Records from a data collection
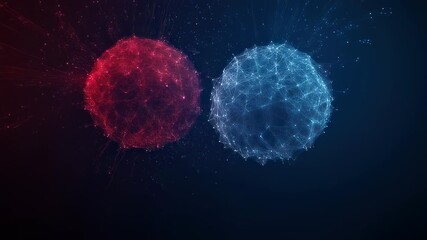 Abstract digital spheres with interconnected dots and lines on dark background - Powered by Adobe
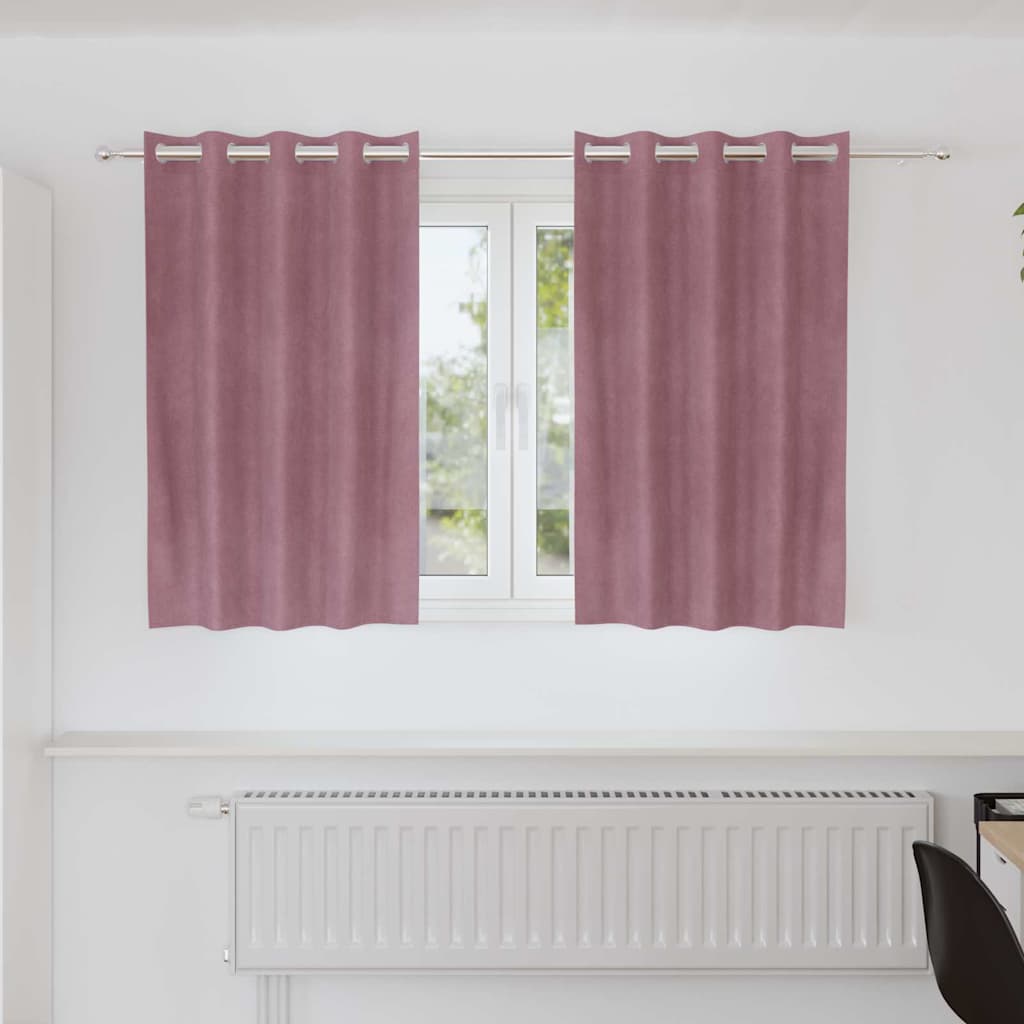 vidaXL Verdunkelungsvorhänge 2 pcs Dunkelrosa 140 x 140 cm Samt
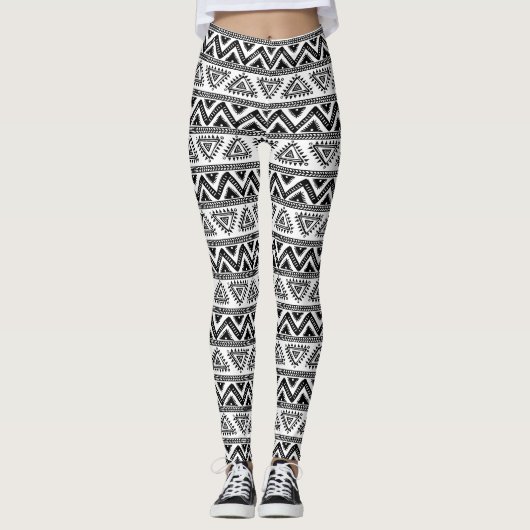 Zwart & Wit Geometrisch tribaal patroon Leggings (Voorkant)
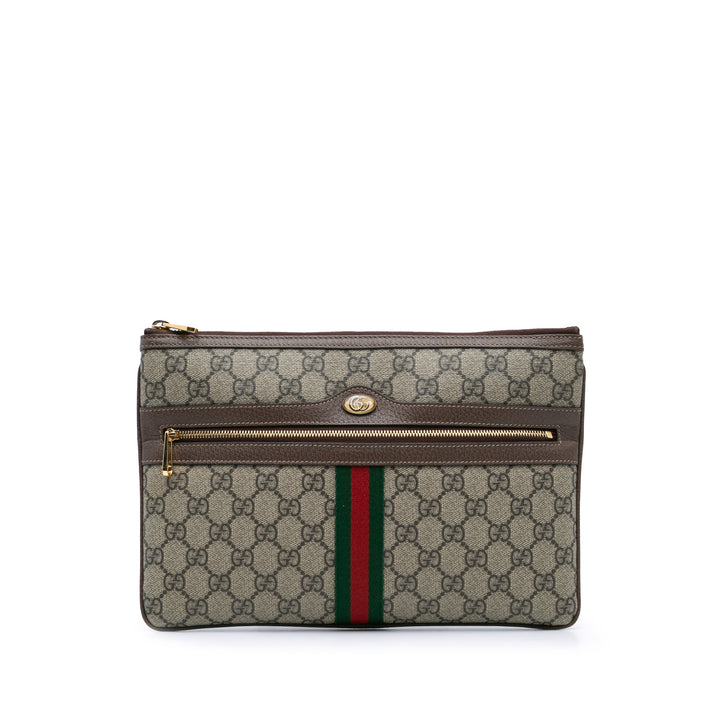 Large GG Supreme Ophidia Web Clutch Brown - Gaby Paris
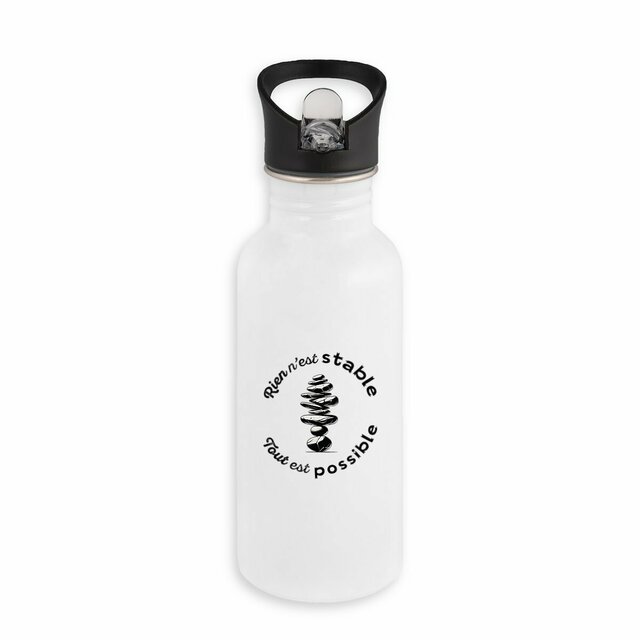 Image back Bouteille en inox avec paille - équilibre de pierres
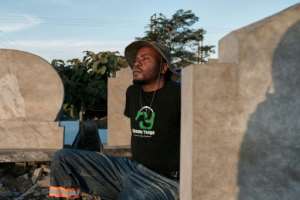 Tafadzwa Machokoto ditched a job at a bank to start the tombstone business with a partner.  By Jekesai NJIKIZANA (AFP)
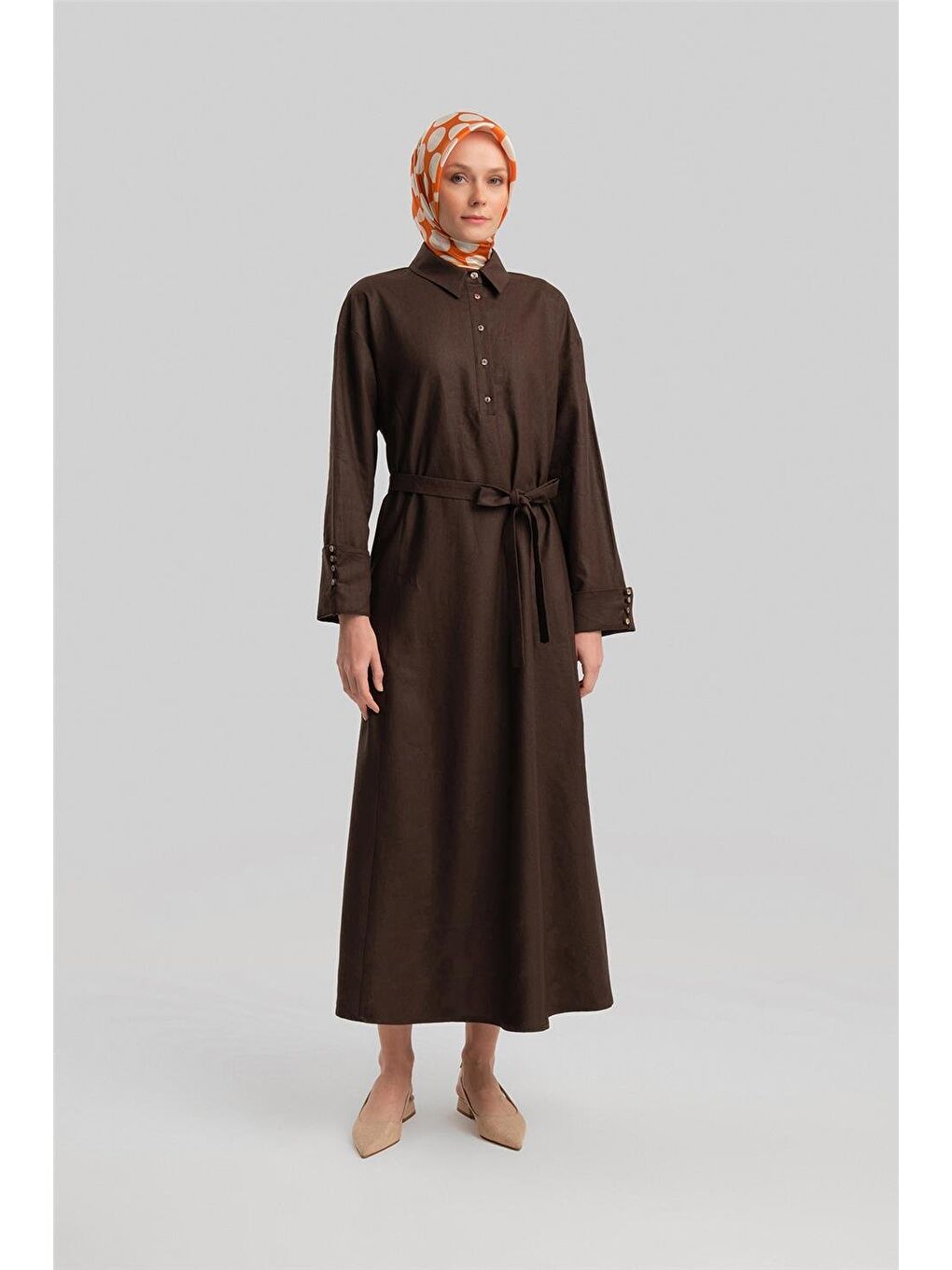 Kahverengi Kalın Manşetli Keten Elbise 24Y9830 Acı Kahve-1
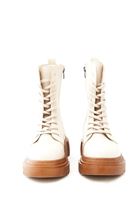 Women Beige Vegan Leather Lace Up Tall Combat Boots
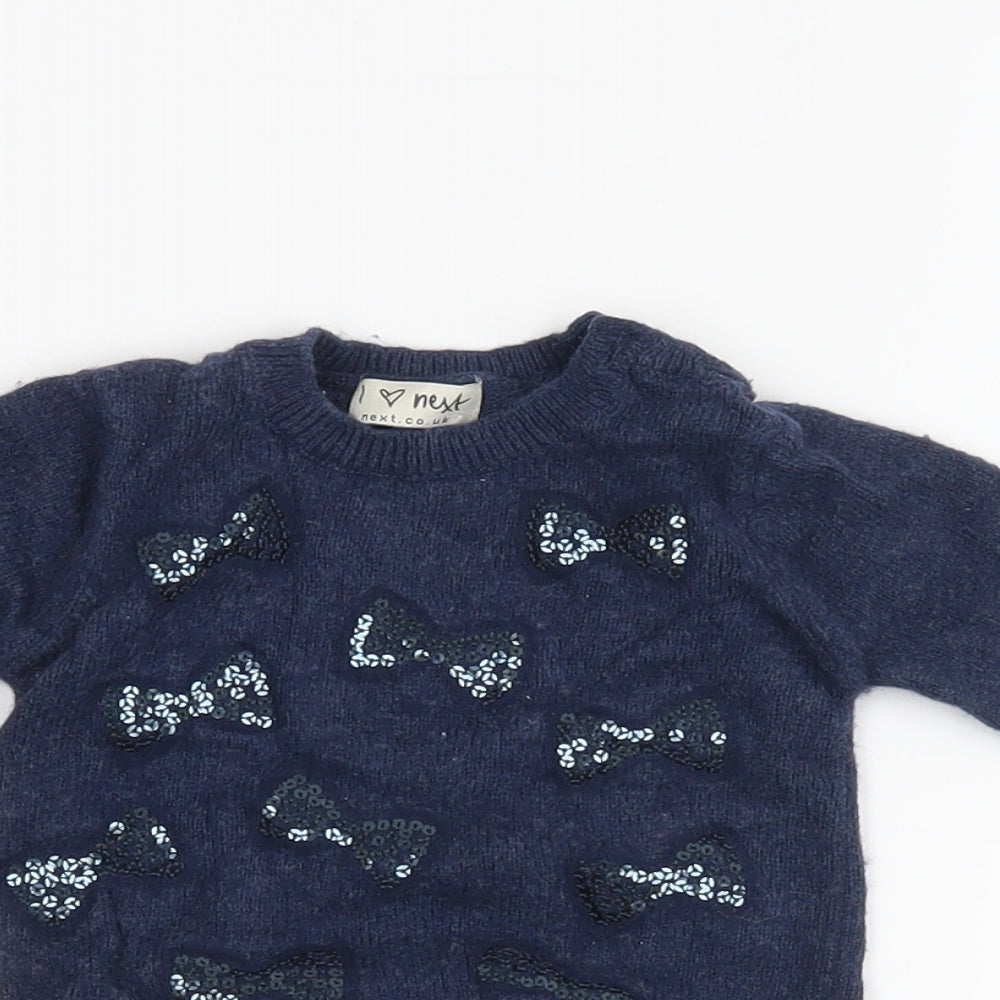 NEXT Girls Blue   Pullover Jumper Size 6-9 Months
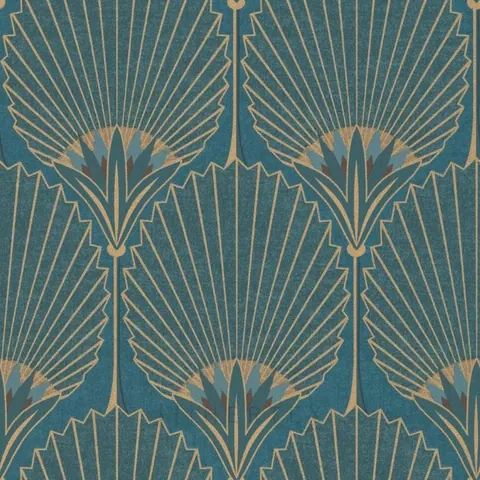 Repeating art deco pattern with symmetrical fan-shaped palm fronds in gold lines on teal background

Exercise brief: Word for word, set down the lines from the line with "Tafadzwa Machokoto ditched" through the last line of the entries, and nothing else; the pictures stay out.

Response to the task:
 Tafadzwa Machokoto ditched a job at a bank to start the tombstone business with a partner.  By Jekesai NJIKIZANA (AFP)
 Kahverengi Kalın Manşetli Keten Elbise 24Y9830 Acı Kahve-1
 Women Beige Vegan Leather Lace Up Tall Combat Boots
 NEXT Girls Blue   Pullover Jumper Size 6-9 Months
 Repeating art deco pattern with symmetrical fan-shaped palm fronds in gold lines on teal background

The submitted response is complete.